Honestly that same statement applies if you flip it to a team wanting agile methods but the organization does not. And the way you have phrased your post it almost seems like that could be the situation. In order for anything to be successful in a organization, the entire organization needs to support it in some way. I have seen success in organizations where each team was given autonomy in the way they choose to work but it required support at all levels of the organization and a wide knowledge of agile practices so that the entire organization could know how what they did impacted/affected what others did.
An organization can be agile in many ways. A single methodology/practice/framework does not make an organization agile. A common way of working does not make an organization agile. The ability of an organization to acknowledge change and adapt to those changes quickly and efficiently makes an organization agile.
So what is your opinion, should the management decide which methods should be applied, the PO or really the whole team?
My opinion is that the entire organization/company has to agree that they want to be agile. It has to provide the support for teams to be self-managing, self-organizing to the point of being agile. It has to agree on what success looks like and set some shared goals. The organization's executive/senior leadership has to adopt a servant-leader attitude and respect that the best decisions are made by the people doing the work. Transparency of information is critical because if you do not give people the right information, you can't expect them to do the right thing when it comes to work. People today want to have a sense of ownership and being part of the solution. The old days of top down management does not lend to this. However, there are companies, there are people that like the old styles and can thrive. In fact if your organization realizes that is how they operate, it can achieve some level of agility. They may not be as agile as other companies but they could be agile enough for their own desires.
The risk level is not the same for all. What you see as a high risk might be an acceptable level of risk for me. The key is that everyone involved is able to agree on what is acceptable. In most cases the executives of a company will establish acceptable levels of risk that the company can take and still thrive. If the executives are risk adverse then the individual teams will be limited in the risks that they can take. But in the end, the teams have to know that they own their decisions and the risks associated to them while the executives honor those decisions.
Organizational change does not happen if it doesn't come from, and isn't enforced by, leadership.
So what is your opinion, should the management decide which methods should be applied, the PO or really the whole team?
I'd suggest that the starting point isn't to decide what methods ought to be used, but rather what problems need to be solved, and how complex they are.

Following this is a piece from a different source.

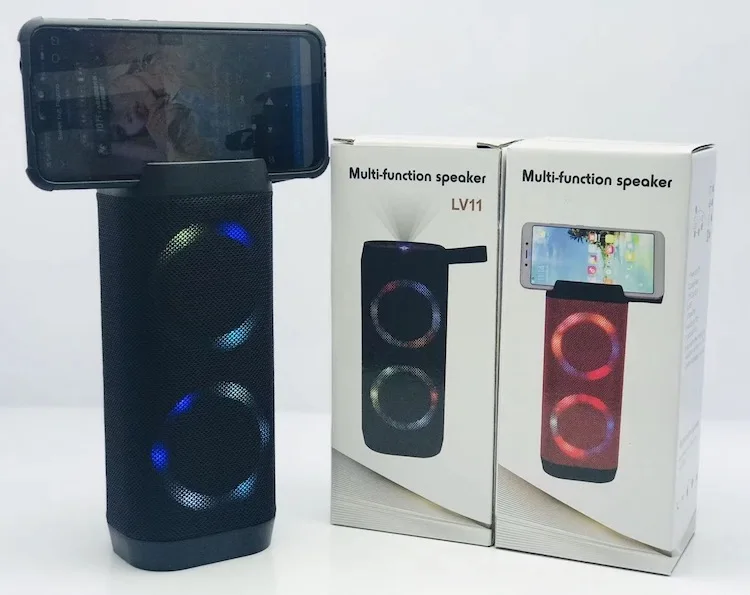 New Arrival Colorful LED Light BT Speaker LV11 Wireless Portable Speaker Support FM USB Aux Outdoor Speaker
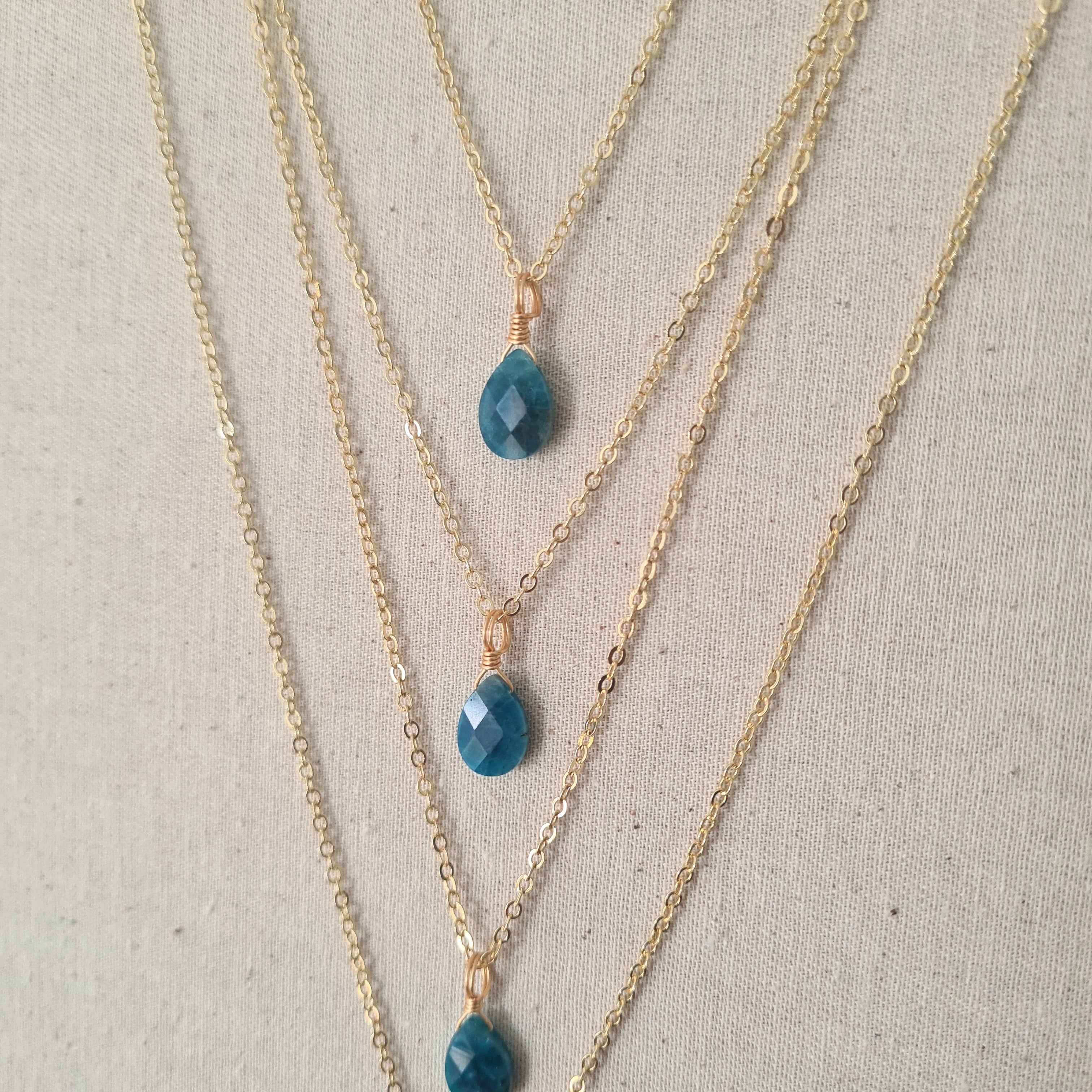 'Blue Apatite' Necklace ~ Peaceful Energy (Gold)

Scrum says the core of the organisation is the self-organising team.
The self-organising team - without leaving what scrum.org has to say at all - would get to at least choose between scrum, and scrum with kanban.
A set of teams working together would determine collectively to use nexus - or not - trying to impose scaling on a team that insists on it's own product not working within a scaling framework is not going to work.
But at the end of the day "management" can get rid of a "team" if the team isn't contributing to a real goal. I'd hope the first port of call for this would be via the product owner?
If your whole organisation works with agile methods and only one team decides something else, then it won't work.
At its simplest, this might be resolved by a conversation, which results in a shared understanding about what's important.
But ultimately, the following questions might become relevant:
- Who is funding this team?
- What are the team accountable for?
- What happens if the team are unable to account in a way that justifies further investment?